---------- DATA RECORDS ----------

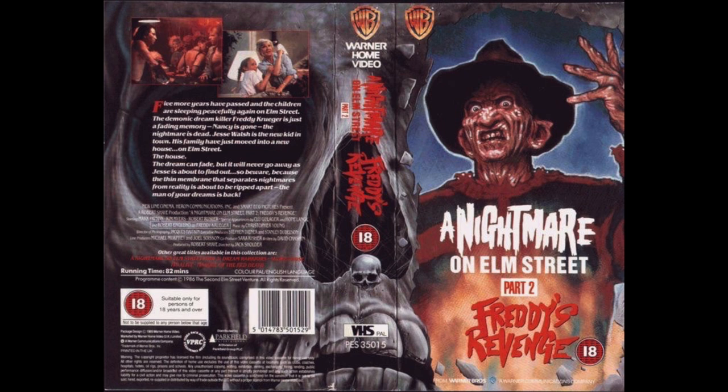So here we have a Nightmare on Elm Street 2 VHS art — is this a UK home video one? This is fantastic. That shot of Freddy is out of this world. I've always liked that. I've seen t-shirts of that from Walmart years and years ago. That's one of the most iconic images from the franchise, in my opinion. Five out of five stars.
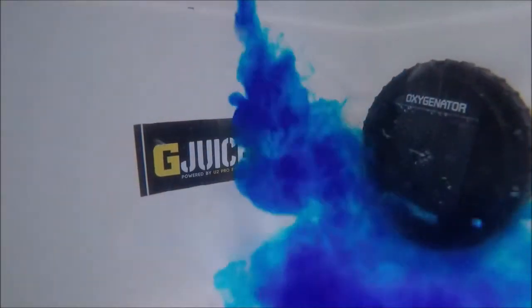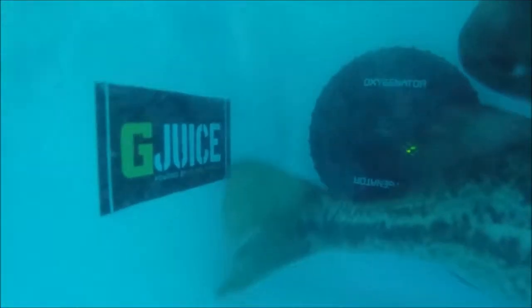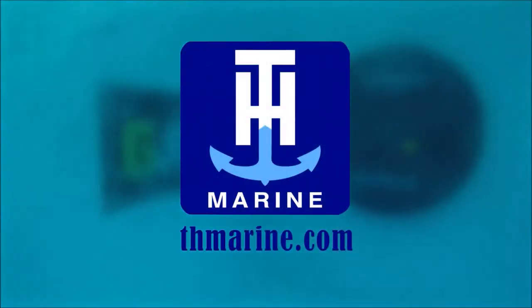For the perfect combo, add G-Juice live well treatment. It calms fish, stops bleeding, removes ammonia, and replaces slime coat. Get an Oxygenator and G-Juice and keep your fish alive.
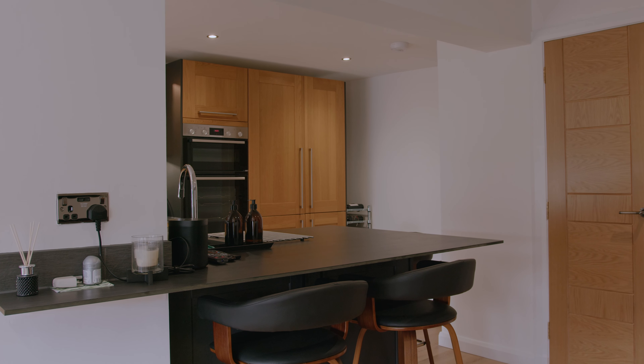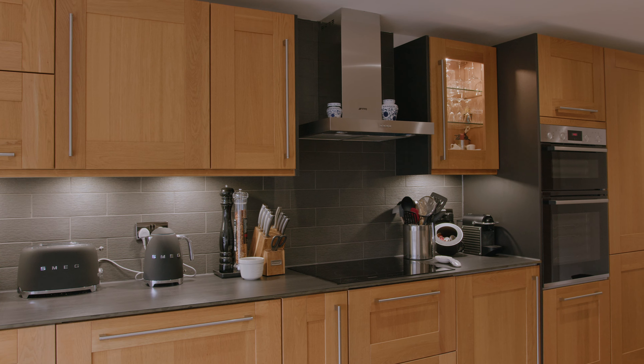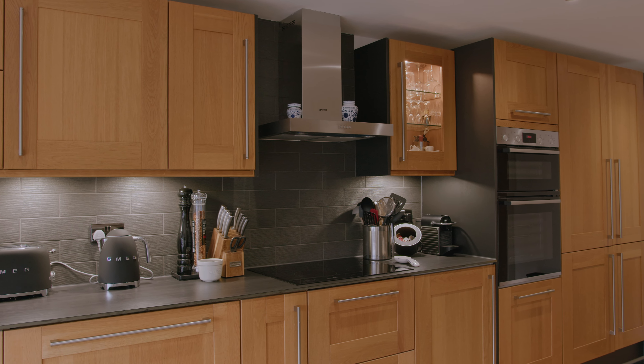I absolutely love what I've done here. To be able to have all the space with the island, it's more of a sociable space for when friends and family come over — it's amazing. Worth every penny.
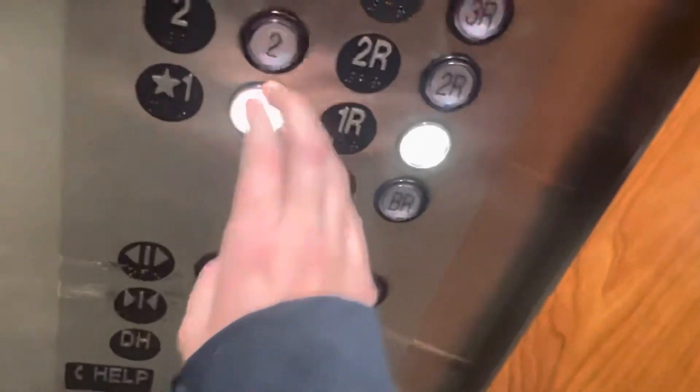What floor are you going to? One. Okay. How about you? I'm going to one, two. Is there buttons over there? Sorry, I didn't know if you got it all right here. Yes. Yep, thank you. Okay.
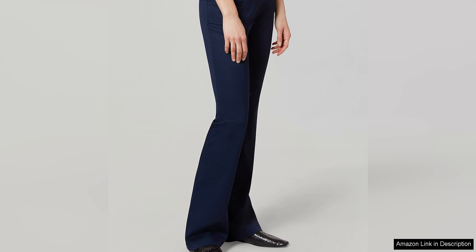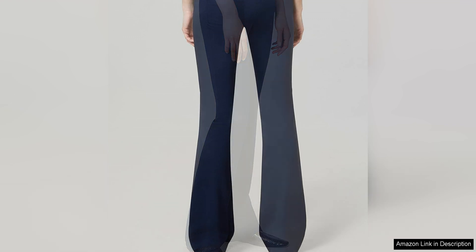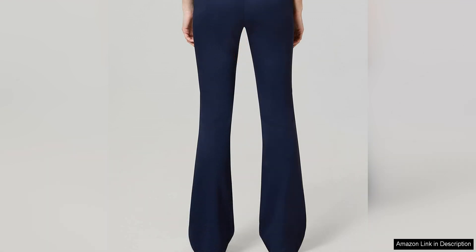The versatility of the Surge Pant is another highlight. It can easily transition from day to night, making it a versatile piece that can be dressed up or down depending on the occasion. Pair it with a crisp white blouse and pumps for a sophisticated office look, or style it with a silk camisole and strappy heels for a chic evening ensemble.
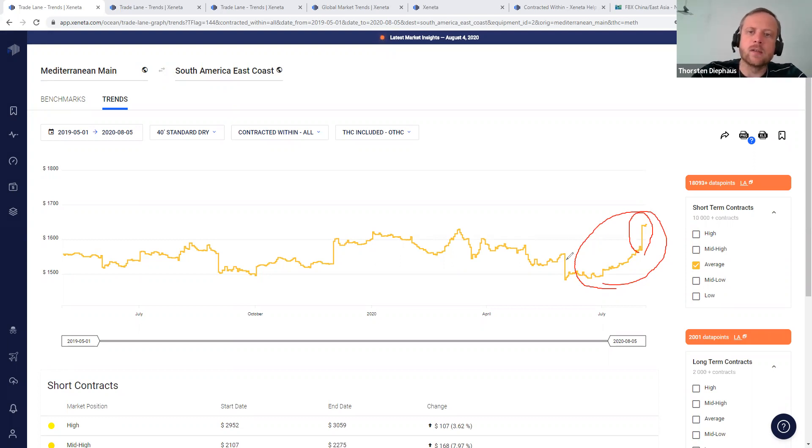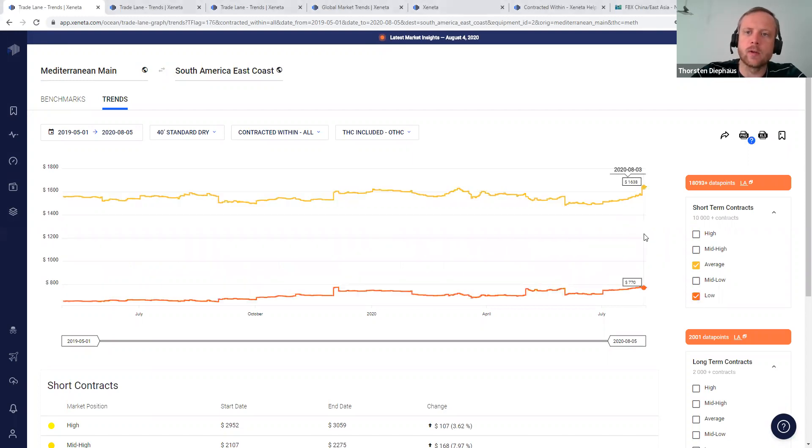Overall this market has been increasing since the beginning of June, after we still saw this kind of decline from May to June. Currently we see on the average side a rate level of roughly 1640, and the low side is higher as well. We are currently at 770 gate-in Holland for the low, compared to last year in May where it was at 655 — so slightly higher.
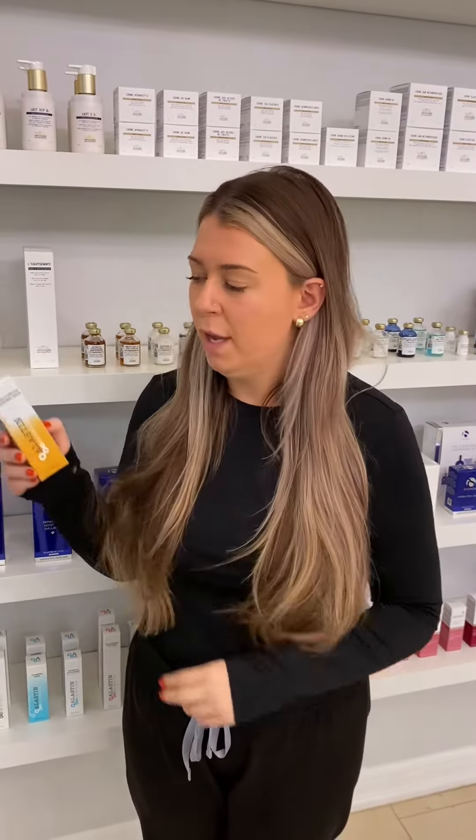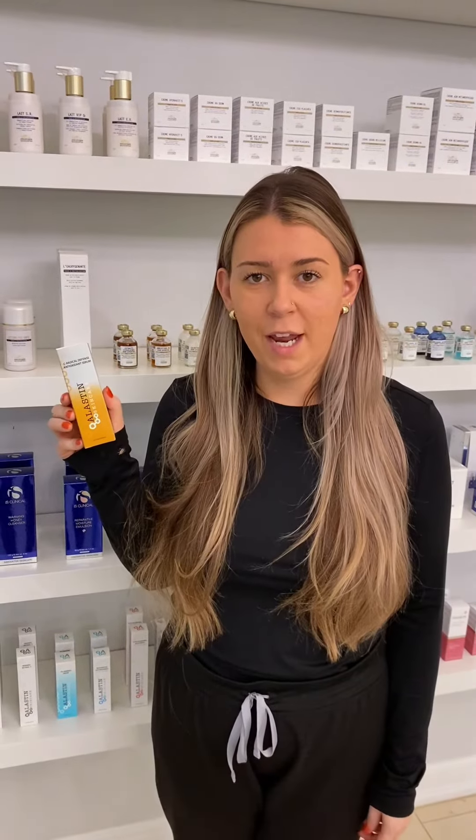Our third step is going to be a vitamin C serum. A vitamin C is an antioxidant that helps to brighten the skin and also protects it from any environmental stressors outside. One of our favorites is from Elastin, their new C-Radical Defense Serum. Apply this after your toner and before your moisturizer.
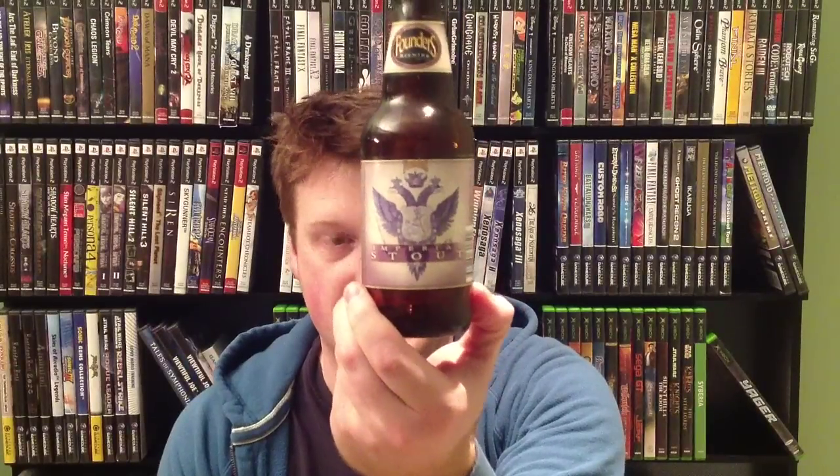My dog Duncan decided to start grabbing things off the floor and running off with them. Various items that should not have been on the floor — that's because I was lazy. And then after all that, I started watching the footage back and everything was completely out of focus. So continuing on with part two, which I just filmed — we're going to go with Founders Imperial Stout.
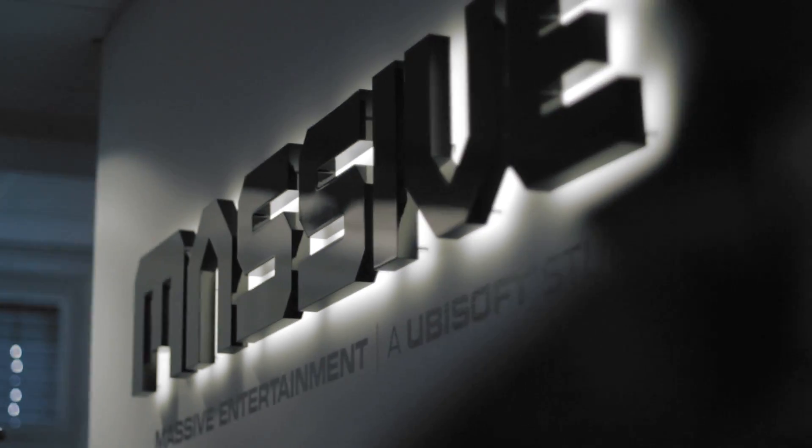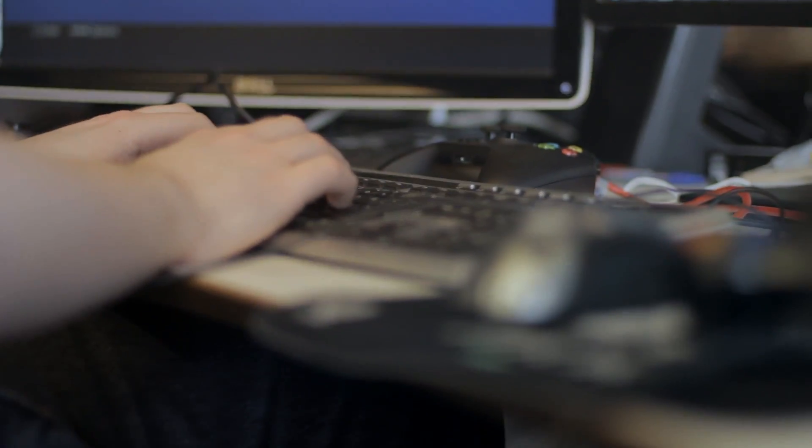At Massive, I would call our work style a form of hectic fun. We're very busy all the time and we like to use our talents to really try to make the best product that we can.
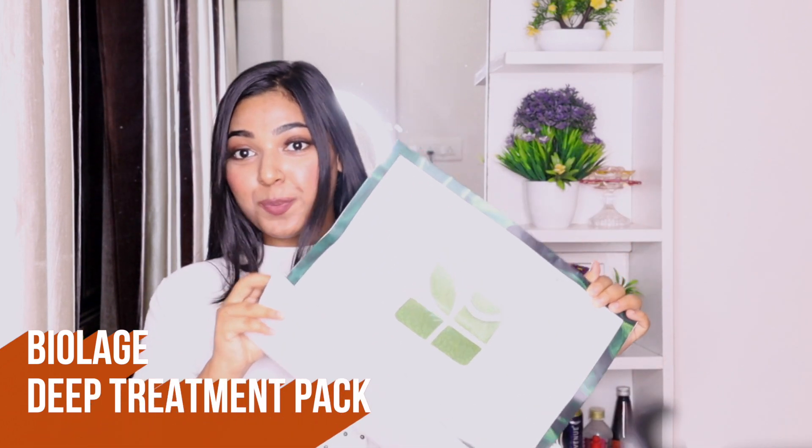In one step, it's very soft and shiny, and it's very good to condition our hair and our hair's nourishment. So guys, I was looking for a single product to get back my hair. So finally, I got my hands on these Biolage products.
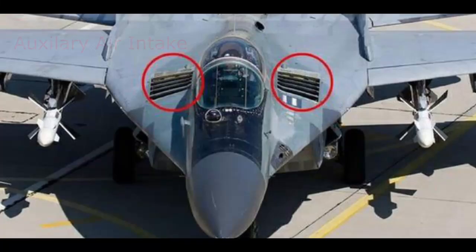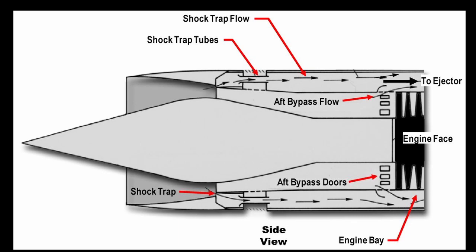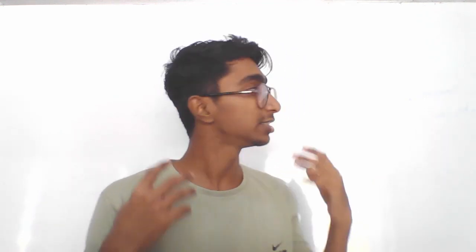To overcome this problem, aerospace engineers created a technique known as auxiliary air intake and bypass doors, to allow additional airflow and to reduce the effect of the shockwave. By this, we can enhance the engine's performance, and by overcoming this starting problem we are able to achieve up to 99.9% of the engine's efficiency.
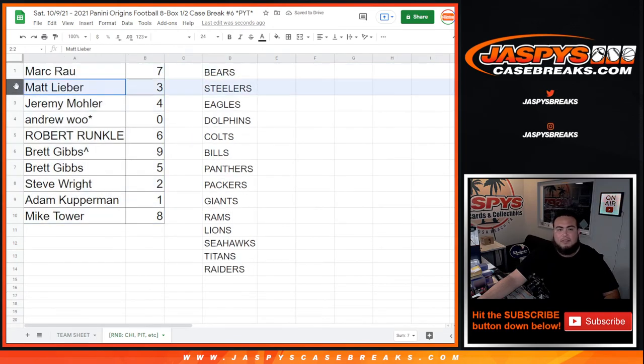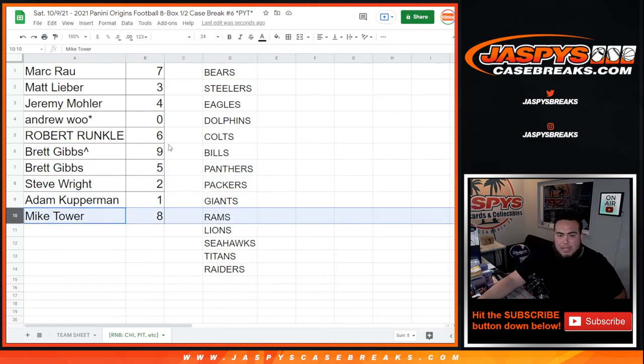All right, so Mark you have spot 7. Matt with 3. Jeremy with 4. Andrew, any and all redemptions of these teams would be yours. Robert with 6. Brett, your free spot was 9 and you have 5. Steve Wright with 2. Adam Cumberland with spot 1. Any 101s? And Mike Tower with 8. So there you go guys. Coming up next in a separate video is Origins Pikachu number 5 — okay, so we're going to go ahead and get started. Thank you.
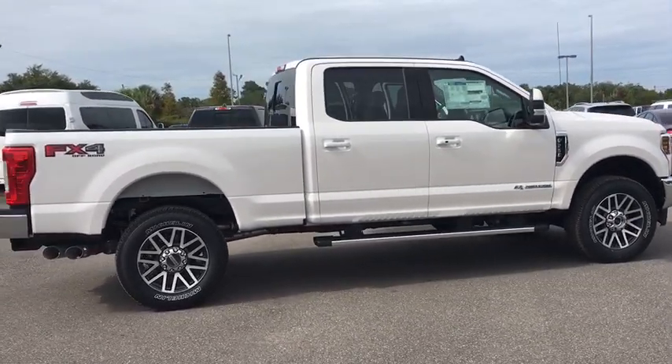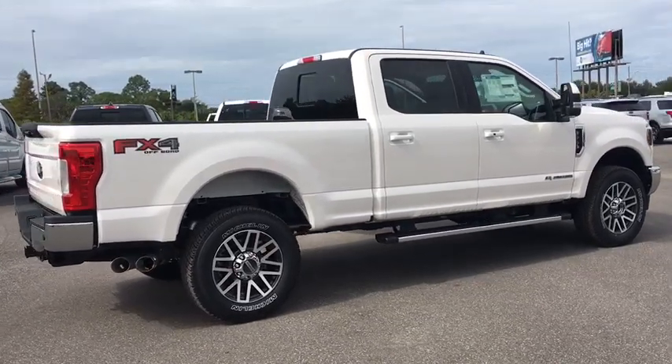This vehicle has less than 100 miles. Here are some of this vehicle's great options.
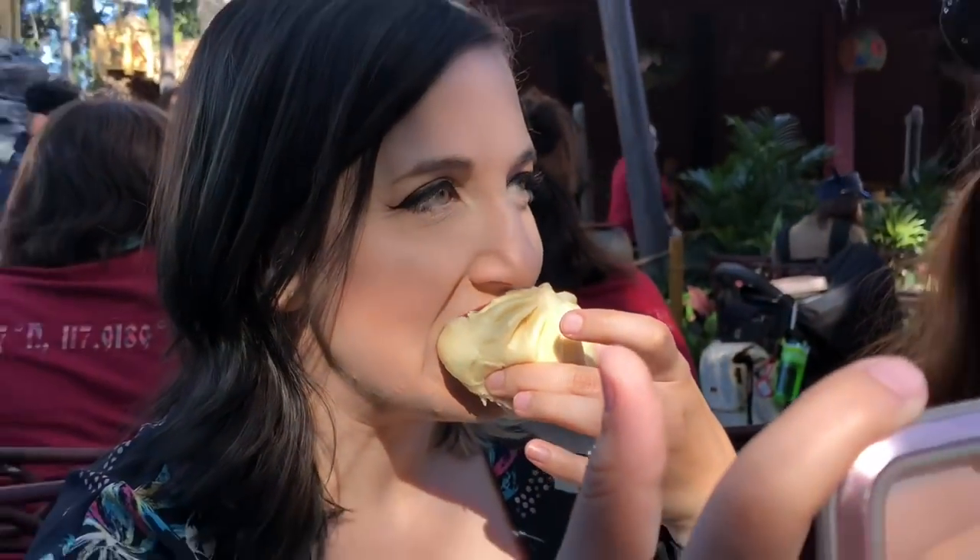Sarah's gonna eat the vegetable one because I'm not interested. This one is curry. It's a curry bao bun. It's fine — it's actually the spicy one.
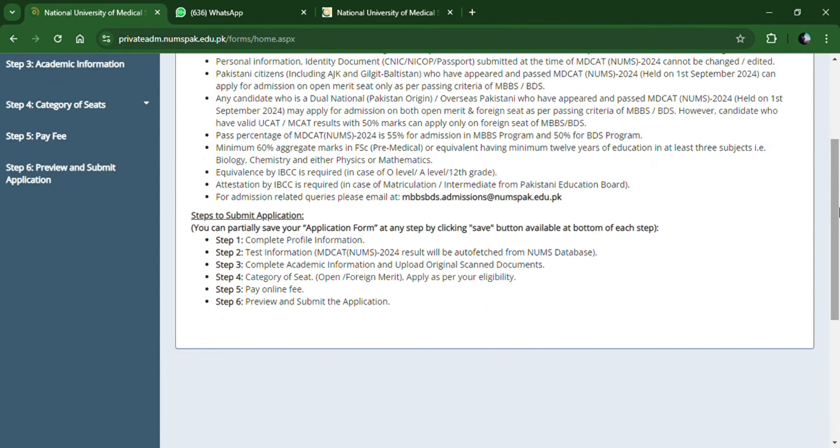Let me walk you through the steps from A to Z. Step 1: complete your profile information. Step 2: provide your test information. Step 3: provide your academic information and upload your original documents, including a JPG photo. Step 4: check the category of seats — whether you apply for open or foreign. Then pay the online fees, review, and submit your application. Bismillah, let's begin.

----------

Starting at the line that contains "What floor are" and ending at the line that contains "Our third step", transcribe the material above exactly, excluding pictures.

What floor are you going to? One. Okay. How about you? I'm going to one, two. Is there buttons over there? Sorry, I didn't know if you got it all right here. Yes. Yep, thank you. Okay.
The versatility of the Surge Pant is another highlight. It can easily transition from day to night, making it a versatile piece that can be dressed up or down depending on the occasion. Pair it with a crisp white blouse and pumps for a sophisticated office look, or style it with a silk camisole and strappy heels for a chic evening ensemble.
Overall this market has been increasing since the beginning of June, after we still saw this kind of decline from May to June. Currently we see on the average side a rate level of roughly 1640, and the low side is higher as well. We are currently at 770 gate-in Holland for the low, compared to last year in May where it was at 655 — so slightly higher.
Our third step is going to be a vitamin C serum. A vitamin C is an antioxidant that helps to brighten the skin and also protects it from any environmental stressors outside. One of our favorites is from Elastin, their new C-Radical Defense Serum. Apply this after your toner and before your moisturizer.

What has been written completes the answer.